Due to the stochastic nature of UMAP, the results from BERTopic might differ even if you run the same code multiple times. Using custom embeddings allows you to try out BERTopic several times until you find the topics that suit you best. You only need to generate the embeddings themselves once and run BERTopic several times with different parameters.

If you want to reproduce the results, at the expense of performance, you can set a random_state in UMAP to prevent any stochastic behavior:

from bertopic import BERTopic
from umap import UMAP

umap_model = UMAP(n_neighbors=15, n_components=5,
                  min_dist=0.0, metric='cosine', random_state=42)
topic_model = BERTopic(umap_model=umap_model)

Which embedding model should I choose?¶

Unfortunately, there is not a definitive list of the best models for each language, this highly depends on your data, the model, and your specific use case. However, the default model in BERTopic ("all-MiniLM-L6-v2") works great for English documents. In contrast, for multi-lingual documents or any other language, "paraphrase-multilingual-MiniLM-L12-v2" has shown great performance.

If you want to use a model that provides a higher quality, but takes more computing time, then I would advise using all-mpnet-base-v2 and paraphrase-multilingual-mpnet-base-v2 instead.

MTEB Leaderboard New embedding models are released frequently and their performance keeps getting better. To keep track of the best embedding models out there, you can visit the MTEB leaderboard. It is an excellent place for selecting the embedding that works best for you. For example, if you want the best of the best, then the top 5 models might the place to look.

Many of these models can be used with SentenceTransformers in BERTopic, like so:

from bertopic import BERTopic
from sentence_transformers import SentenceTransformer

embedding_model = SentenceTransformer("BAAI/bge-base-en-v1.5")
topic_model = BERTopic(embedding_model=embedding_model)

SentenceTransformers SentenceTransformers work typically quite well and are the preferred models to use. They are great at generating document embeddings and have several multi-lingual versions available.

🤗 transformers BERTopic allows you to use any 🤗 transformers model. These models are typically embeddings created on a word/sentence level but can easily be pooled using Flair (see Guides/Embeddings). If you have a specific language for which you want to generate embeddings, you can choose the model here.
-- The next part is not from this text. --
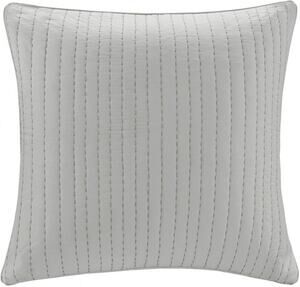 INK+IVY Camila Cotton Quilted Euro Pillow Sham in GREY ~ NEW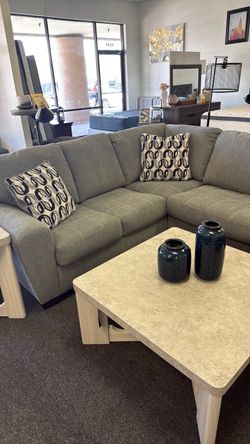 Gray Fabric Sectional Sofa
How do I reduce topic outliers?¶

There are several ways we can reduce outliers.

First, the amount of datapoint classified as outliers is handled by the min_samples parameters in HDBSCAN. This value is automatically set to the same value of min_cluster_size. However, you can set it independently if you want to reduce the number of generated outliers. Lowering this value will result in less noise being generated.

from bertopic import BERTopic
from hdbscan import HDBSCAN

hdbscan_model = HDBSCAN(min_cluster_size=10, metric='euclidean',
                        cluster_selection_method='eom', prediction_data=True, min_samples=5)
topic_model = BERTopic(hdbscan_model=hdbscan_model)
topics, probs = topic_model.fit_transform(docs)

Note

Although this will lower outliers found in the data, this might force outliers to be put into topics where they do not belong. So make sure to strike a balance between keeping noise and reducing outliers.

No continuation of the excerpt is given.